One of the young asylum seekers Nouh Issa told us why Friends of Refugees has been so important to him and how things might have turned out without their support.
“When I got to Bedford I knew no one and it was scary. But a friend from Ireland introduced me to Friends of Refugees and from my first meeting I knew these were people I could trust. Now I feel I’m part of the family. I feel loved and cared for. They help me practice English, give me opportunities to integrate with the community, help me understand our cultural differences and give me confidence. I give back by volunteering and interpreting meetings with other refugees. I hope all young people like me can benefit from this help and care”. Nouh Issa.
As well as the on-going collection and distribution of essential items, Friends of Refugees runs targeted campaigns like the brilliantly successful #Boots1000 in collaboration with dozens of other groups around the UK. Thanks to generous donations the group were able to send 1000 pairs of brand new waterproof boots to where they are desperately needed. However Friends of Refugees isn’t stopping there, they are developing plans to provide much needed support services which aren’t currently available for asylum seekers in Bedfordshire; services such as temporary accommodation, with support from a charity called ‘Sanctuary Hosting’ and support to vulnerable, unaccompanied young asylum seekers. Friends of Refugees has grown to such an extent that the obvious next step was to become an official charity. Tim tells us why this is important.

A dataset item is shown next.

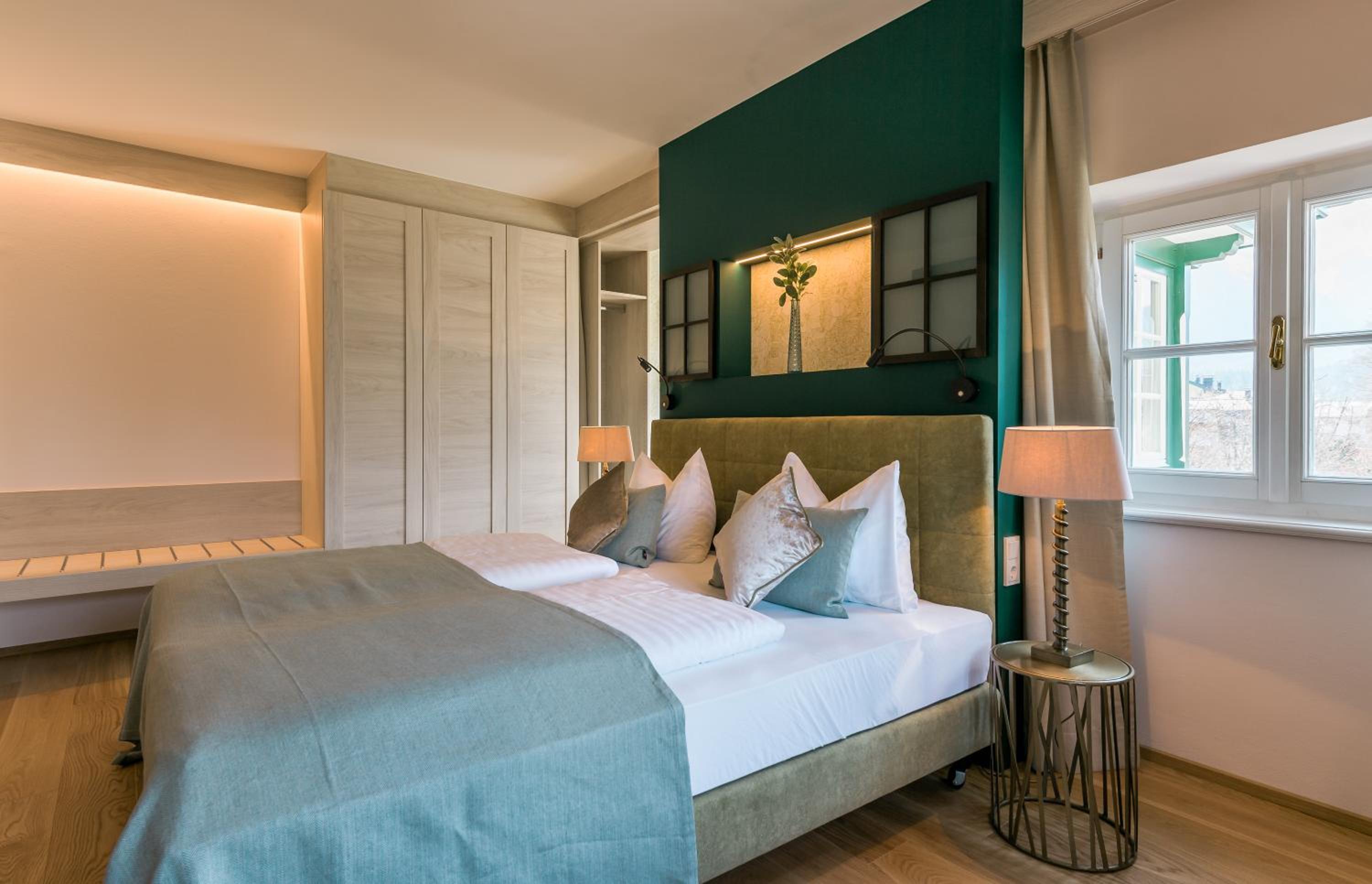 Double Room with Lake View - Photo 1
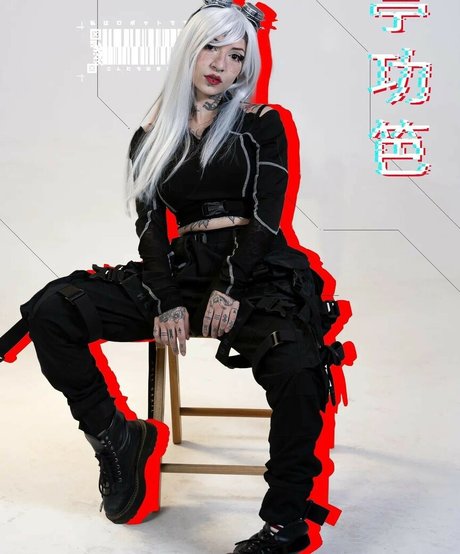 Aline Fox nude only fans leaks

“The amount of aid we collect continues to increase, and we’re working with other groups around the country to increase the speed and reduce the cost of transporting it. We’ve also begun to support refugees who are resettling in the Bedford area, both families and unaccompanied children. We want to make sure there is emergency accommodation for those who need it, so we promote the scheme with Sanctuary Hosting where people can register their spare bedrooms. We are inspired by the work of Yarl’s Wood Befrienders, and want to set up a scheme to befriend the kids that arrive here alone. These are early priorities for us. This is not about duplicating the work of any other organisation, but simply filling the gaps to provide essential support that no one else provides. And, being independent of the state and local authority, we can provide oversight and campaign to ensure those statutory bodies meet their obligations properly.”
Finally we asked Tim what he would like to say to people who are critical of refugees in our community.
“I’d say how lucky we are to have been born in a place and time that is relatively peaceful. We are human beings first, with a moral obligation to help others at a time of crisis and great need. In every society around the world, refugees who are supported go on to make a positive cultural and economic contribution to their adopted community and we can all do more to help the current crop of refugees integrate by welcoming them here.”